A Royal Debt
THICKNESSE, Philip.
A Letter to her Majesty the Queen of Great Britain …. Printed for the Author, and sold by S. Fores … London, 1791.
4to, pp. [2], 13, [1]; a fine copy, lower edge partly untrimmed, disbound.
First and only edition, very rare. Thicknesse had been commander of the garrison at Harwich when Queen Charlotte first arrived in England after a difficult sea passage in 1761. ‘I cannot help here observing that during a great part of the afternoon … I was driving my post-chaise, in a scarlet coat, upon the beach, to make it visible that her Majesty might not only be there safely landed … but that Admiral Campbell … well knew that at my cottage … now well known to every body, was to be found better accommodation than could have been procured at Harwich …’; Anson though insisted on landing, against a contrary wind, in the main harbour.

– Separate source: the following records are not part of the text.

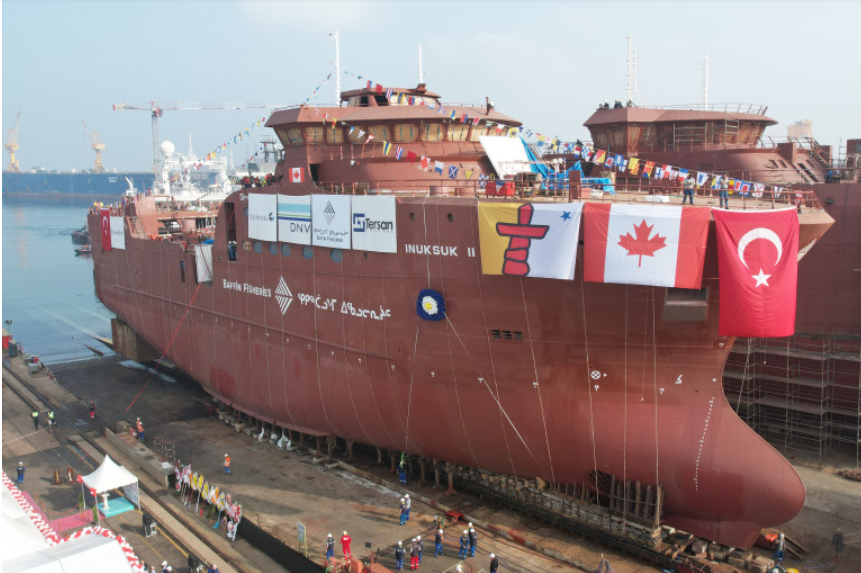 INIKSUK II, Built By Tersan Shipyard, Is Delivered To Niqitaq Fisheries
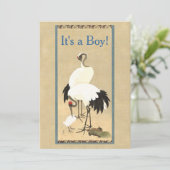 Faire-part de naissance photo de la famille de la  (Debout devant)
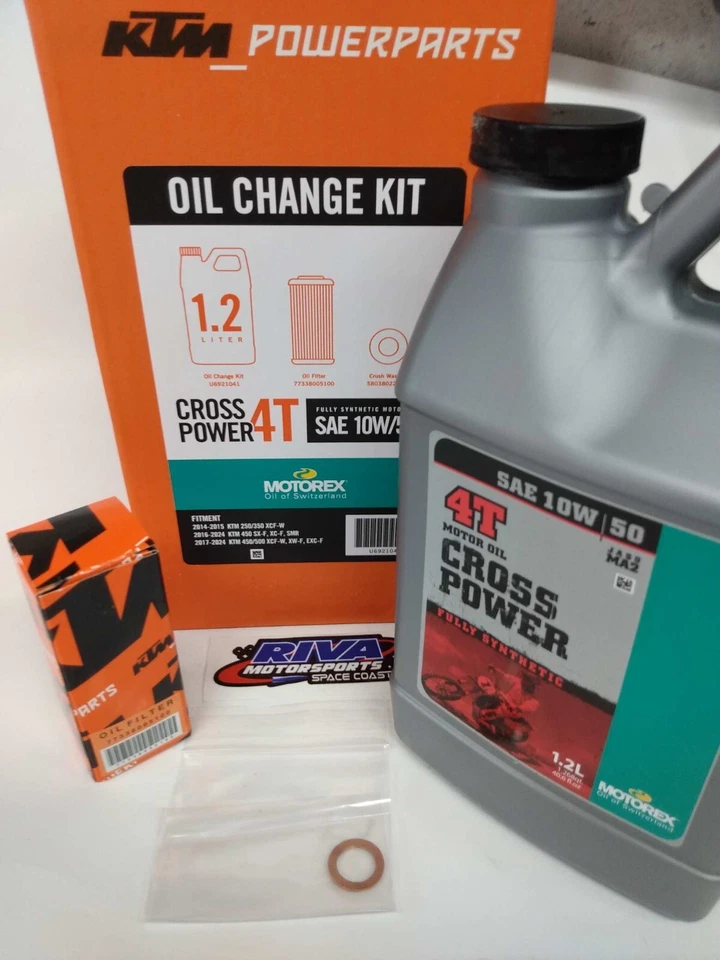 KIT CAMBIO ACEITE SINTÉTICO COMPLETO KTM MOTOREX OEM 1.2 L 10W/50 POWER SYNT U6921041 Foto 3 de 4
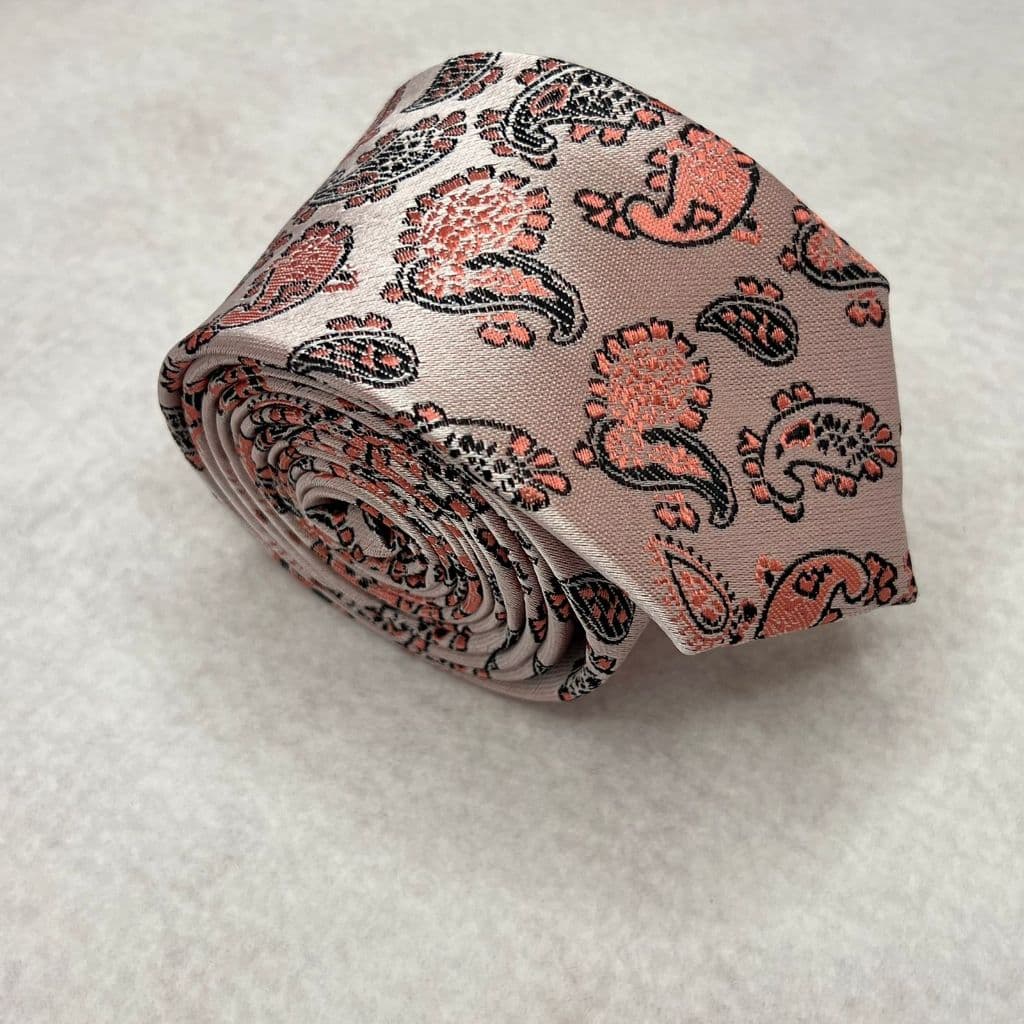 Gravata Masculina Paisley Elegante Padrão Clássico Gravata Para Festa Casamento Social
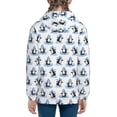 thumbnail image 6 of Pofeuu Skiing Penguin Funny Print Teenage Zipper Hoodie Sweatshirts Hooded Casual Jackets With Pocket For Boys Girls-Small, 6 of 6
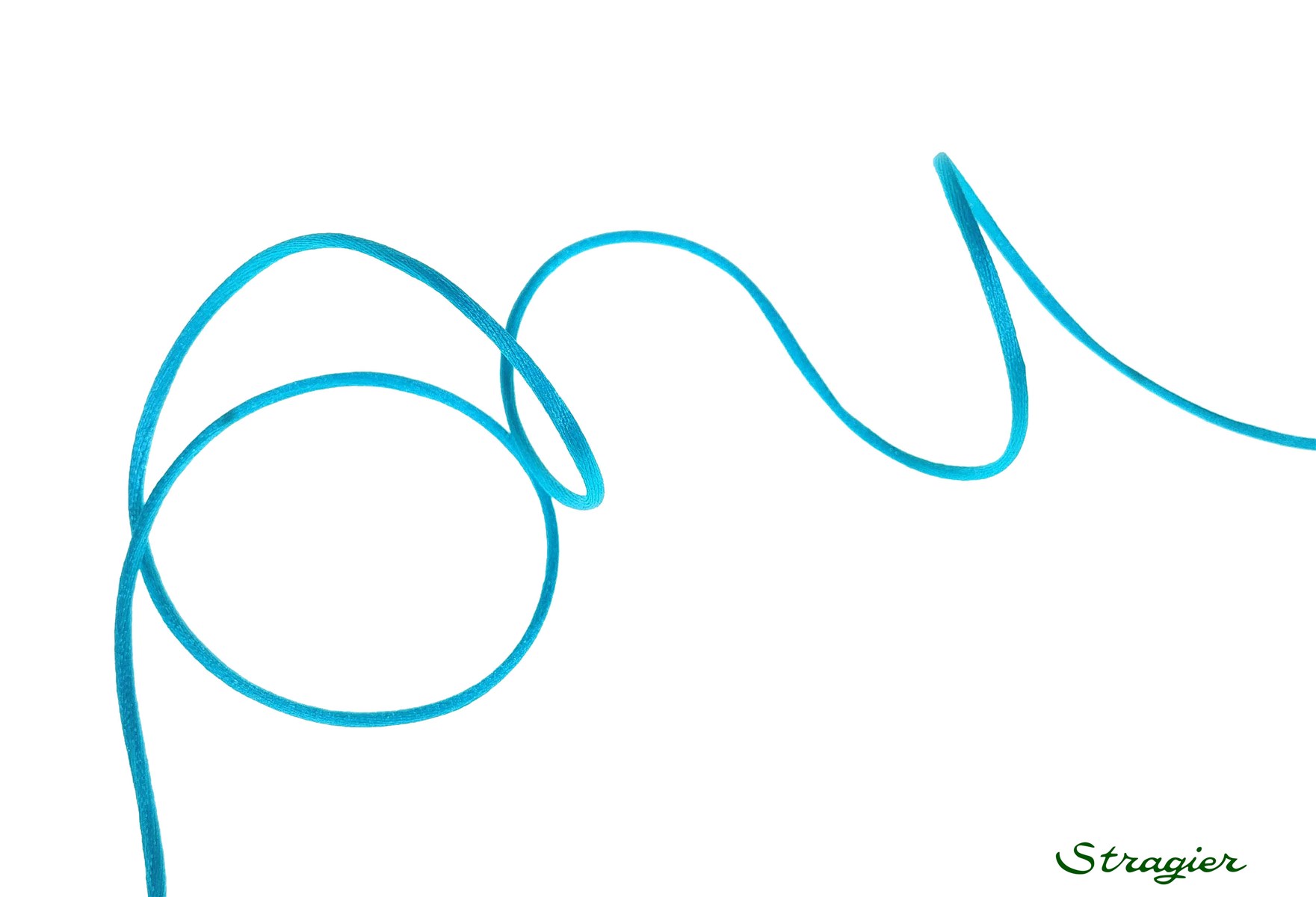 Queue de Rat - uni - Turquoise 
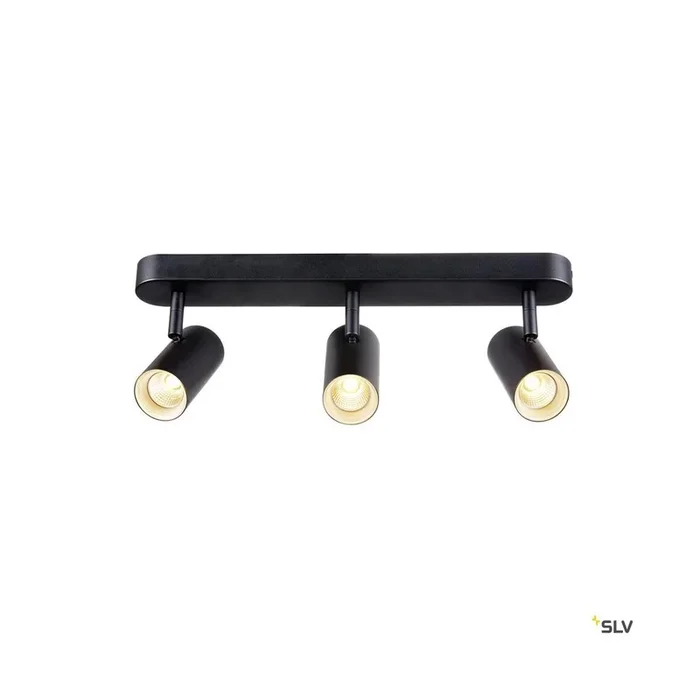 NOBLO®, Wand- und Deckenaufbauleuchte, triple, rund, 2700 K, 19 W, PHASE, 32°, schwarz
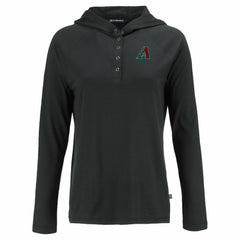 Arizona Diamondbacks Cutter & Buck Women's  Coastline Epic Comfort Eco Recycled Hoodie Raglan Long Sleeve T-Shirt - Black - MLB Online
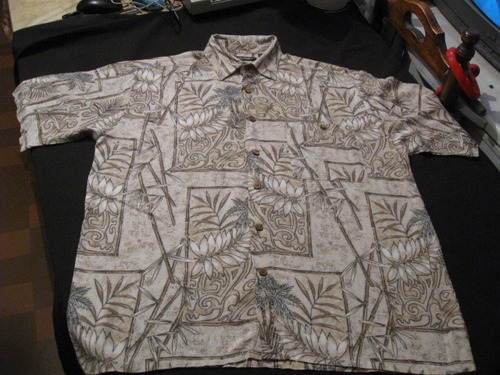 Camisa,  Guayabera Hawaiana Exclusiva Puritan Talla L Beige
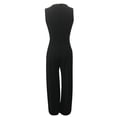 thumbnail image 3 of UPPADA Sparkle Sequin Jumpsuit For Womens Sleeveless Wide Leg Pants Rompers High Waist Overalls Summer Flowy Chiffon Jumpsuit, 3 of 5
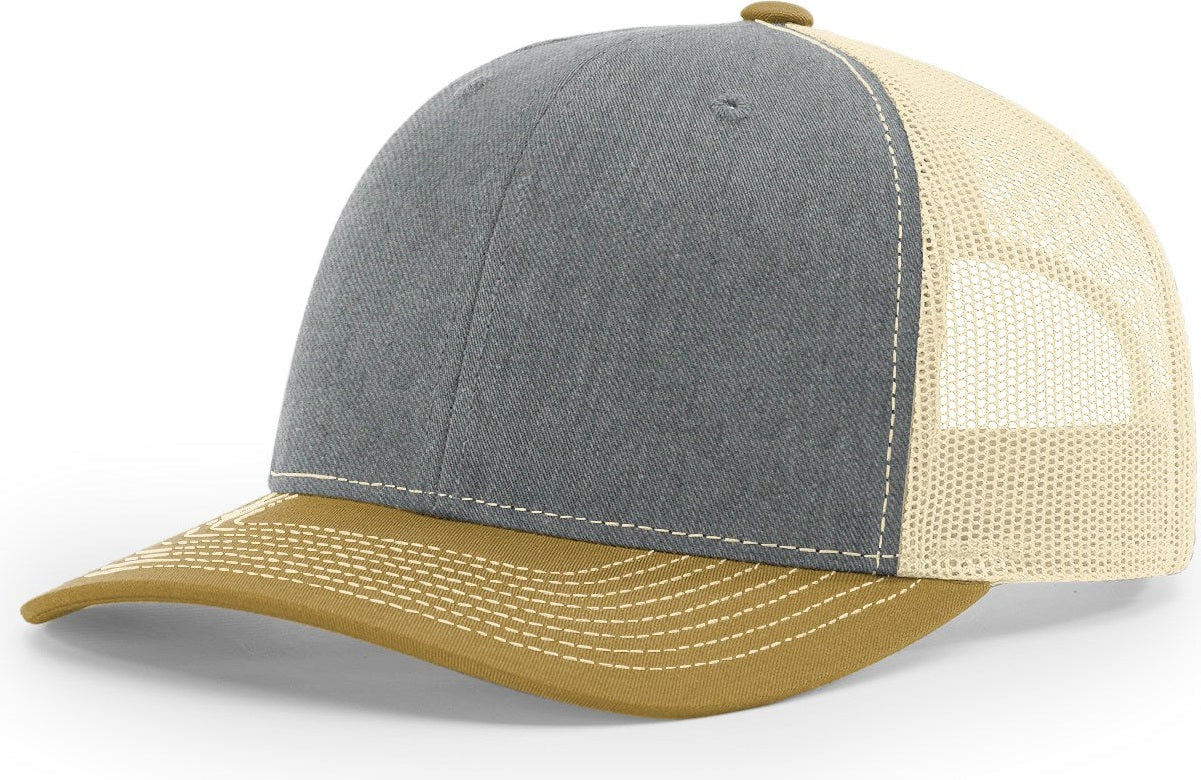Heather Grey/Birch/Amber Gold Trucker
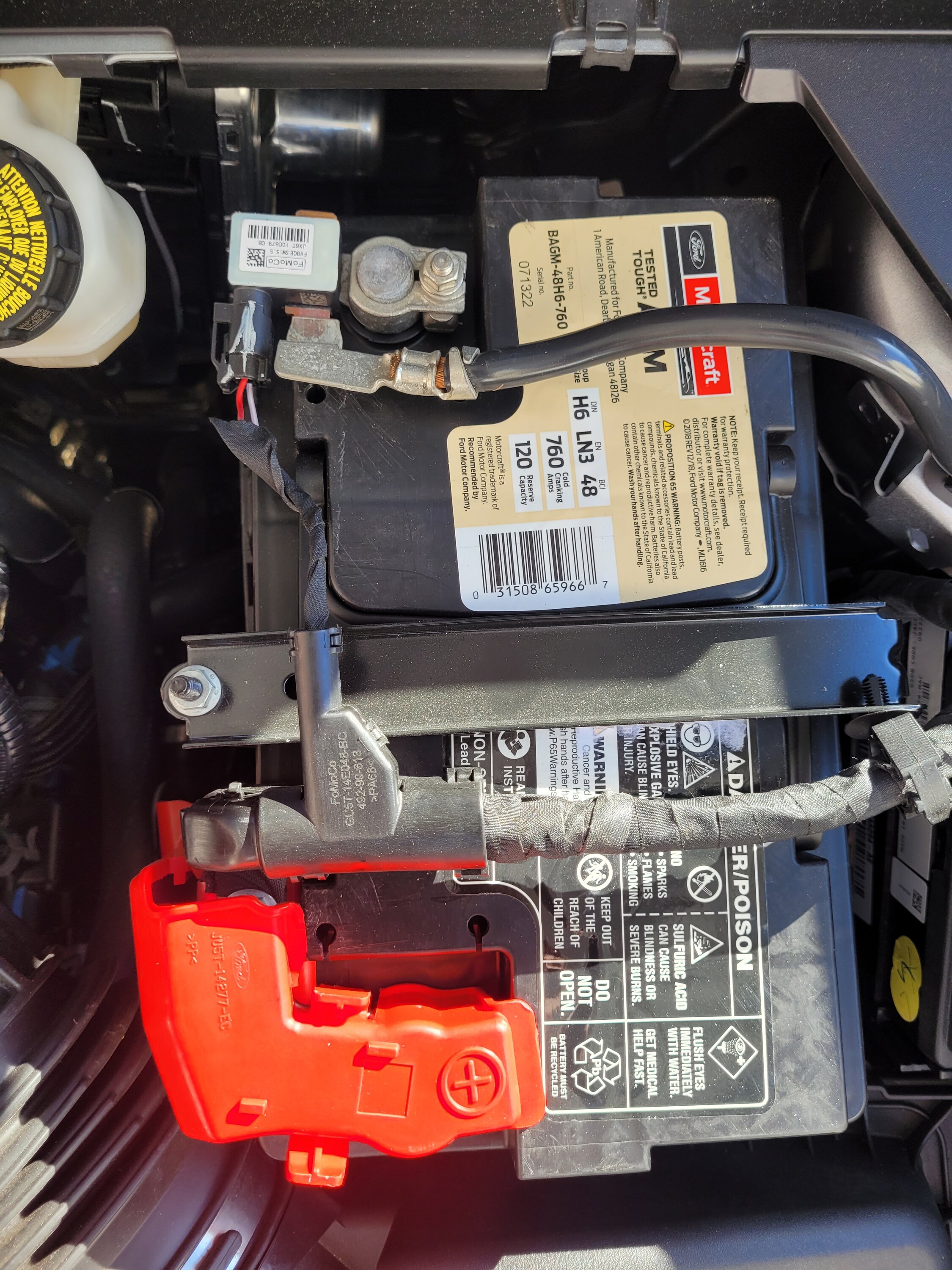Ford Maverick Battery replacement under warranty AGM upgrade 20221012_100326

Shortly afterwards Thicknesse acquired a portrait of Frederick Prince of Wales (found in a drawer in a house bought from the Duchess of Kendal by his wife’s father), which he hoped one day to give to the royal family, and indeed contrived to do so via the French traveller and writer Louis Dutens, and John James Majendie, English tutor to the Queen. Although the Queen liked the portrait she was unable to accept the gift, but the portrait was not returned to Thicknesse for six weeks, despite his repeated efforts – a circumstance he attributes here to some dubious machinations by the two Frenchmen. Some years later, in 1766, Thicknesse moved to France, when he contrived again to gift the portrait to the Queen, this time through Lord Rochford and this time successfully. Rochford told the Queen “‘He had it from Mr. Thicknesse, at Paris.” Permit me, therefore, Madam, to say, that Mr. Thicknesse is now at Paris again; not because he prefers France to England, but that it is more convenient for his residence, and more suitable to his present circumstances’, i.e. great poverty. If his Majesty ‘may think it right to make me some compensation, or return the picture … I humbly submit to your Majesty’s consideration’. In 1789, ‘nothing daunted by the early stages of the French Revolution [the Thicknesses] made a brief trip to Paris … [then] departed more wholeheartedly in 1792’ – Philip died of a seizure en route to Italy, and his wife was arrested and confined for eighteenth months.
ESTC shows two copies only: British Library, and Yale (trimmed to an octavo).